Ivan Marquez, membre du secrétariat des FARC, a cependant affirmé mercredi que les Farc n'entendaient pas abandonner la lutte armée et qu'une «solution politique n'était possible qu'avec un autre gouvernement».

«Il est indispensable d'ouvrir des portes» en vue d'un rapprochement entre les positions des deux camps, estime Carlos Lozano, qui a déjà oeuvré en vain comme médiateur.

Certains comme l'experte en relations internationales à Bogota, Laura Gil, proposent une médiation de l'ONU ou de Lula, le président du Brésil, frontalier de la Colombie.
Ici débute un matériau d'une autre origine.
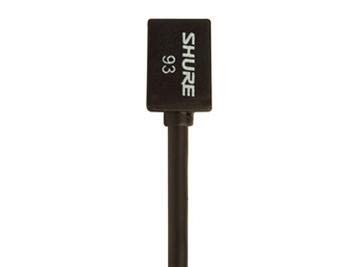 Shure WL93 Series Subminiature Condenser Lavalier Microphones,WL93- Black, with 4-Foot (1.2 m) Cable - style: Black (4-foot cable)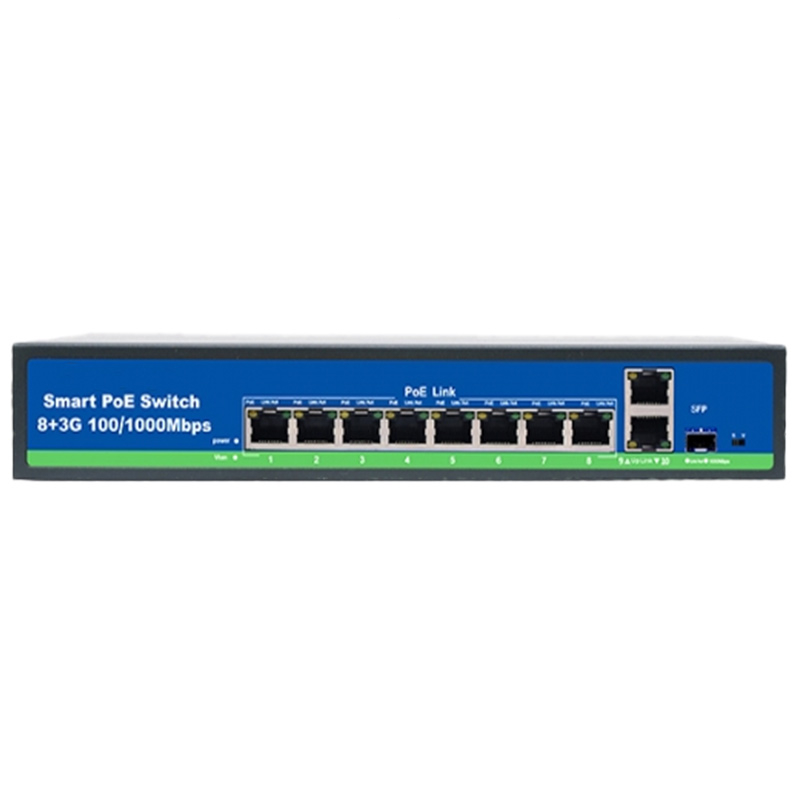 SYS Switch PoE VLAN 8 porte 100/1000 Mbps Max Distanza 100 m telecamera IP - G0821GB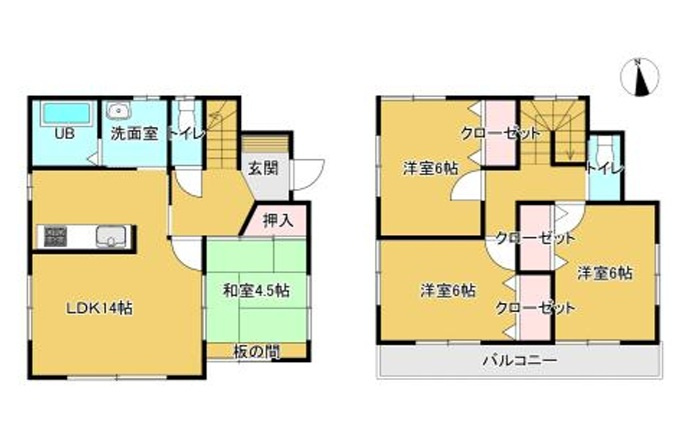 八千代市高津の間取り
Les Farc «sont confrontées à un début de désintégration. Si leur nouveau commandant Alfonso Cano et le secrétariat ne font pas preuve d'ouverture, alors le gouvernement pourrait miser sur des négociations séparées avec certains fronts des Farc», estime l'universitaire colombien Carlos Herrera, de l'université de Pamplona.

Dans un tel contexte, Ingrid Betancourt, peut-elle jouer un rôle? «Il faut voir si Ingrid formule des propositions qui sont en phase avec le pays, dans ce cas elle aura un avenir politique», remarque l'universitaire.

Le départ d'Ingrid Betancourt pour la France juste après sa libération et son absence lors de la manifestation du 20 juillet pour la libération des otages à Bogota, suscitent des interrogations en Colombie.

«Comme personnalité politique, elle devait y être. Cela aura un coût politique», estime l'experte Laura Gil.

À l'approche de son sixième anniversaire (le 7 août) à la tête du pays, M. Uribe affiche une cote de popularité de 80-90%.

Alors que la majorité des parlementaires de sa coalition sont en prison pour des liens présumés avec les paramilitaires d'extrême droite, le président n'en pâtit pas et envisage même un troisième mandat, ce qui exigerait une modification de la Constitution. Une hypothèse envisageable tant les Colombiens lui manifestent leur confiance.